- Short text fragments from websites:
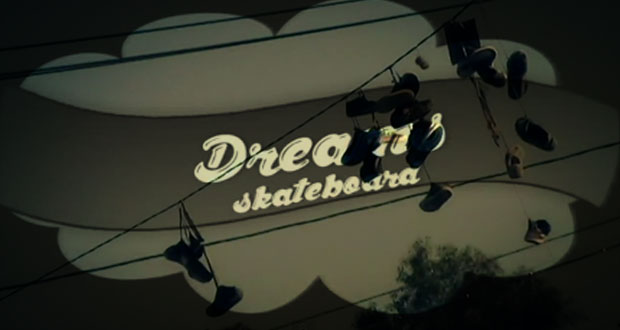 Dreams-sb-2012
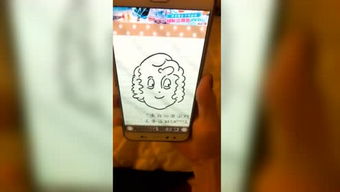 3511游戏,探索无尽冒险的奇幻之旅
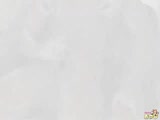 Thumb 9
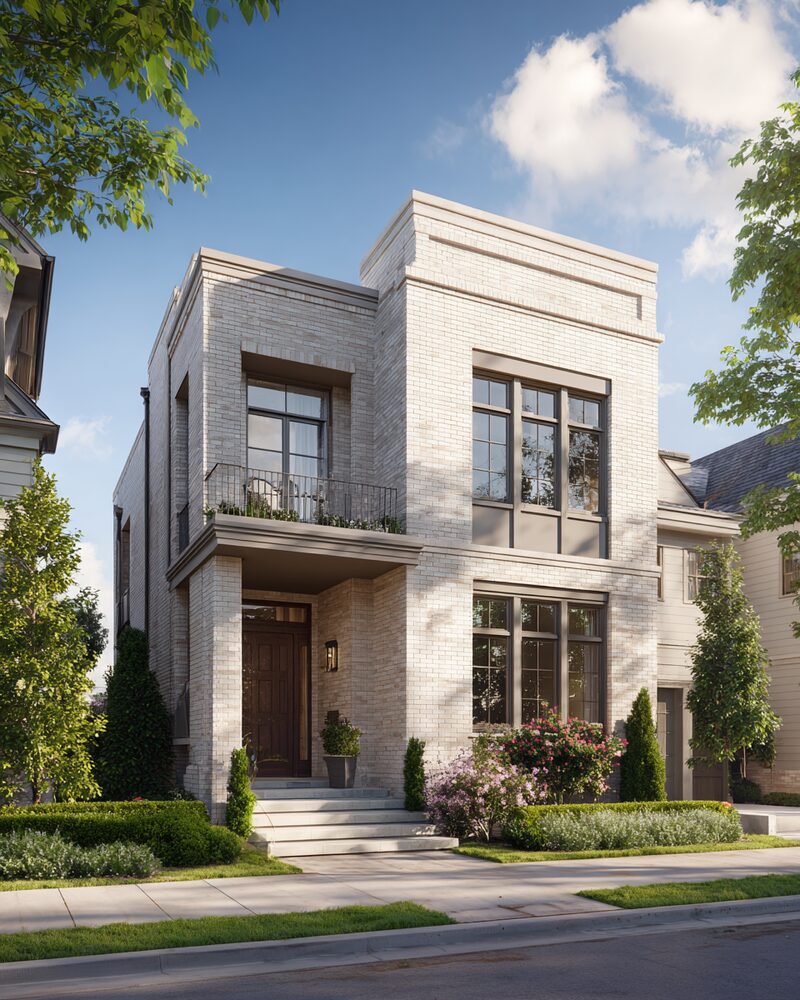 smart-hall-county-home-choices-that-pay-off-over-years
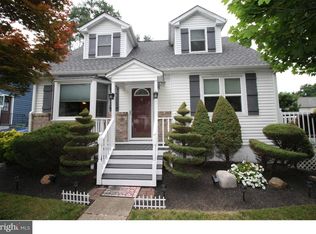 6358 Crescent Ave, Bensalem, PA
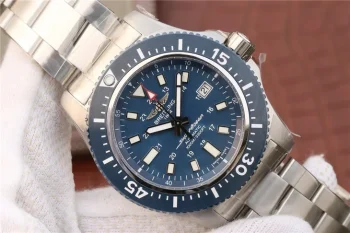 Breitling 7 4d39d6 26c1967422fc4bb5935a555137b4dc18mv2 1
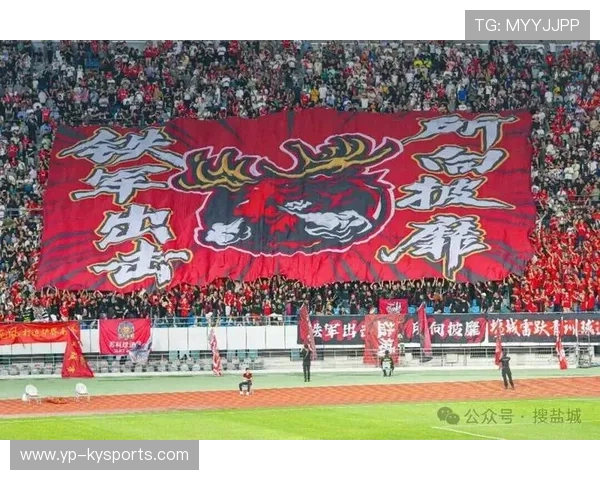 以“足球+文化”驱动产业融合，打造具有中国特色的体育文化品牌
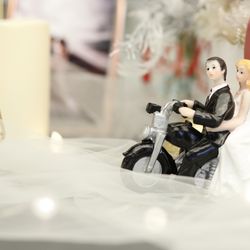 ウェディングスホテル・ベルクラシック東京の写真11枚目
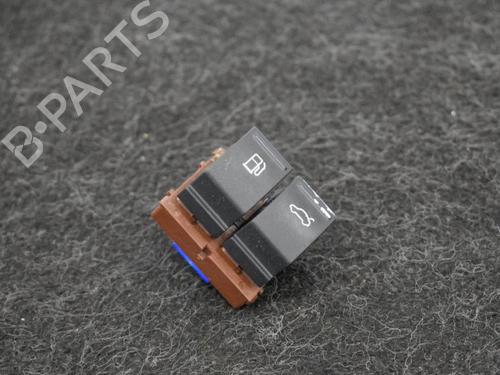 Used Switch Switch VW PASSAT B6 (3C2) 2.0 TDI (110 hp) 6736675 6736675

==

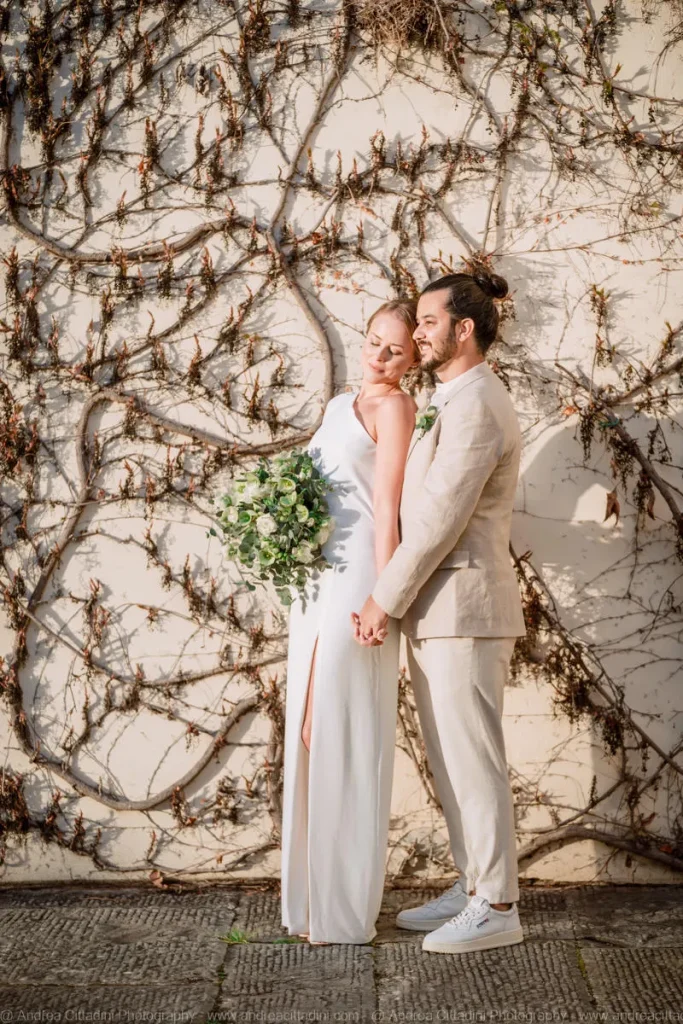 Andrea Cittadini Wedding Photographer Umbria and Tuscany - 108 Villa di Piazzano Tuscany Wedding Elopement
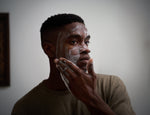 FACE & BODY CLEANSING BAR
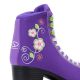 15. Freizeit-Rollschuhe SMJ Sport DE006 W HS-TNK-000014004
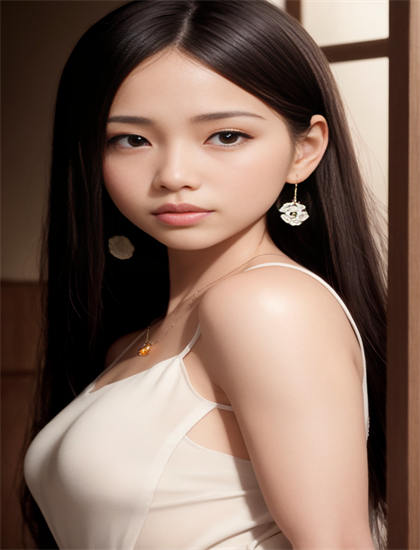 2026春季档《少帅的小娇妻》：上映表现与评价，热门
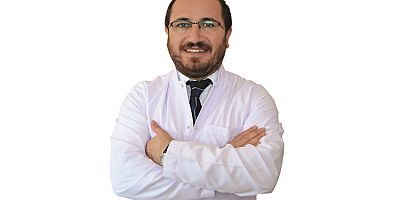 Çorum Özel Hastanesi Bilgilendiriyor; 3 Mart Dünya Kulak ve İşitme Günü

- Problem to work on:
The answer must be the lines above from the one containing "2026春季档《少帅的小娇妻》：上映表现与评价，热门" through the one containing "Çorum Özel Hastanesi", reproduced exactly, with no pictures and nothing else.

- Solution:
 2026春季档《少帅的小娇妻》：上映表现与评价，热门
 Çorum Özel Hastanesi Bilgilendiriyor; 3 Mart Dünya Kulak ve İşitme Günü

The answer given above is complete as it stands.